J'ai fait ça toute ma vie. J'ai balisé les routes, je les ai dégagées, j'ai fait en sorte qu'elles soient toujours praticables, qu'automobilistes, cyclistes et piétons puissent y cohabiter, que les véhicules en panne sur le bas côté stationnent sans danger, que la signalisation soit toujours visible, qu'on sache où l'on va et à quelle allure il convient d'avancer.
A moi personne n'a tracé le chemin, il a fallu que je me débrouille. Aucun panneau pour m'annoncer un virage en épingle, un dos d'âne bien corsé, une pente sévère, un carrefour dangereux. Aucune barrière pour m'éviter la chute dans le ravin. J'ai parfois cédé le passage et j'ai marqué des stops trop longtemps. J'ai peu doublé au bout du compte, je me suis souvent rabattu.
Et puis j'ai raccroché le pantalon orange à bandes luminescentes. Je n'ai pas eu le choix.
J'ai sans doute hurlé avant de perdre connaissance. Mes collègues ont mis, ce qui m'a semblé être, une éternité avant de réaliser qu'ils venaient de faire basculer le pan de mur du mauvais côté. L'avalanche de pierres a fait un bruit terrible. On aurait dit une montagne qu'on dynamite.
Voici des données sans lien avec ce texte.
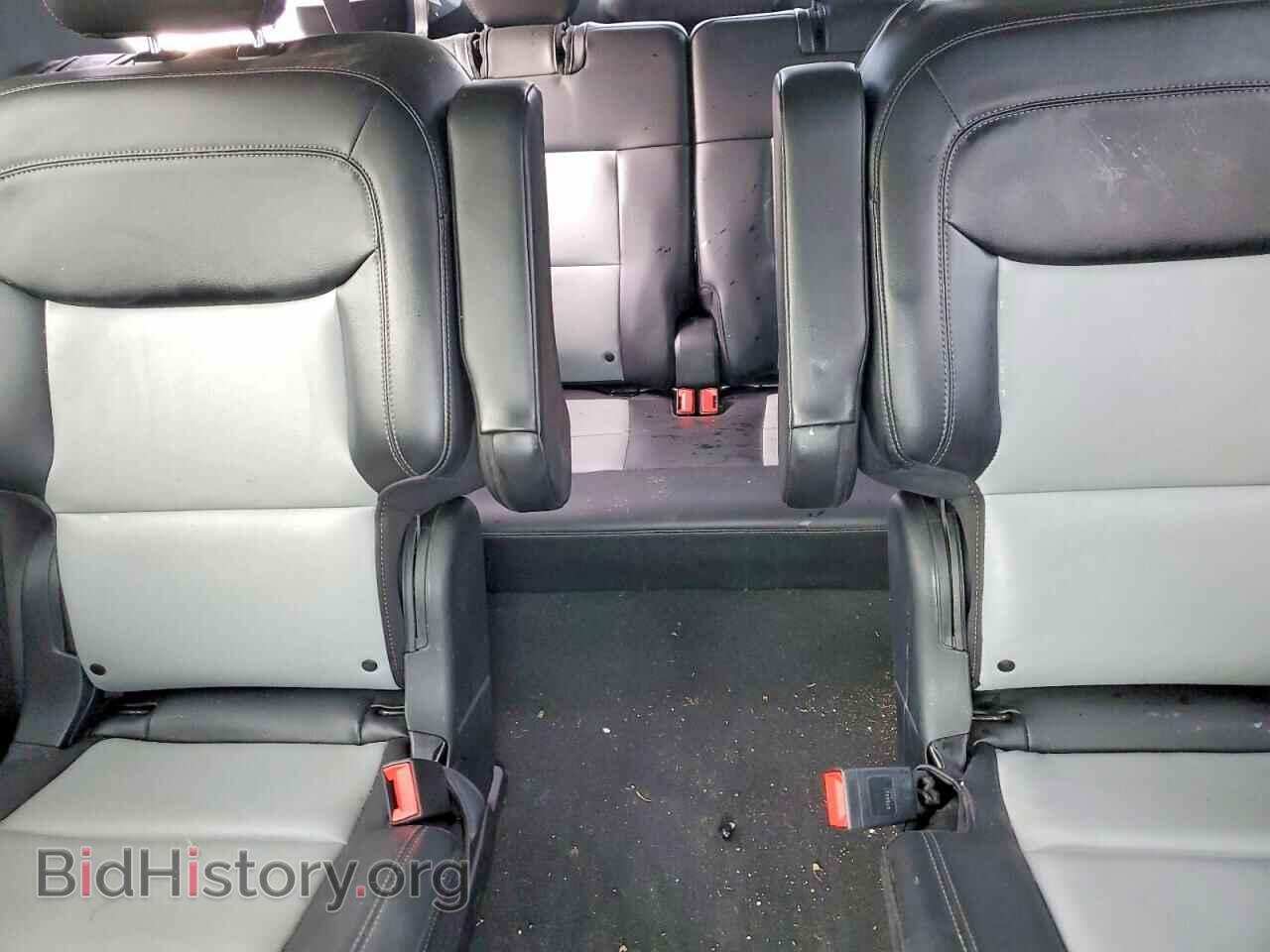 2022 FORD EXPLORER - VIN: 1FMSK7DH5NGB44097 - Фото 10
Une fois le nuage de poussière de ciment retombé, ils ont réalisé que sous les gravats mon pied était resté.
Ce jour là, et pour la première fois en 30 ans de carrière, je ne portais malheureusement pas mes chaussures de sécurité.
C'est tellement évident que j'oublie de vous dire que ce texte était écrit pour l'atelier de Leiloona.